I hopped and stomped and tried to search all at once, and it was just about them that I remembered I’d slipped the passports into my purse to be sure I wouldn’t forget them. Of course, at the last minute, I had decided I didn’t really need to bring a purse because everything fit so neatly in my giant camera case. I confessed to Dan, expecting him to be angry or call me a fool, and I wouldn’t have been surprised if he’d reminded me that he’d reminded me shortly after leaving the house to make sure I had the passports. But here’s what happened instead.

Instead, he hugged me and said there must be a reason why we were not supposed to be on that early morning flight or arrive in Vancouver early enough in the day to have a chance to look around and explore. He said we’d get the flight rescheduled, and the unexpected delay would give us a chance to go home, take a quick nap, and feed the dog a little special treat since we’d be gone for a whole week. And with no fireworks, no shouting, and no demoralizing or devaluing (other than the huge ration of frustration and berating I was dishing out to myself), we got back into the car and started out of the parking lot.

And then another surprising thing happened. The gate attendant whose job was to collect our parking fee, asked if we’d just arrived, and when we told her we had but that we were also just leaving to go home and get the forgotten passports, she closed her register and waved us off, telling us she hoped the day would get a little more smooth.

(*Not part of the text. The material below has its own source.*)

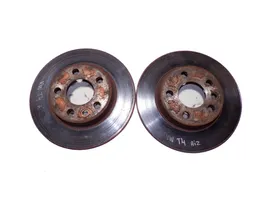 Volkswagen Transporter - Caravelle T4 Rear brake disc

The flight got rescheduled, we had a chance to catch a couple hours of sleep before we had to head out for the next flight, the dog and cats were elated to see us, and most of all, I had a chance to be reminded why I have chosen to spend my life with my husband. During the ride home, Dan gently chastised me for berating myself and calling myself an idiot for forgetting something so important. Before long, we were laughing about it, and I was thinking about how great it is to share this life with someone who balances out my moments of melodrama and smooths out the rough edges I beat myself up for having.

If it seems like I’m attaching too much importance to a simple act of forgiveness and tolerance, please know that my history would beg to differ. When a similar act of forgetfulness  happened in my first marriage, I had to flee in the middle of the night, fearful for my life. How wonderfully far my life has come both in the gift of such profound love and acceptance and in my own ability to recognize that a lapse of memory or an honest mistake do not ever warrant being abused or mistreated physically or emotionally.

I’m writing this from an aisle seat of the rescheduled flight…yes, it was possible to fix the mistake that at first seemed so impossible. And I’m feeling so much gratitude and love for the chance to cross off a bucket list item and wake up every morning with someone who loves and accepts me, flaws and all, and who laughs it off when the best laid plans of a weary wife go awry. There really is a silver lining to every cloud, and in my case, that silver lining came to me in the form of a gold band and a chance to share my life with someone whose love is a circle of consistency and kindness. Is it any wonder I have an attitude of gratitude?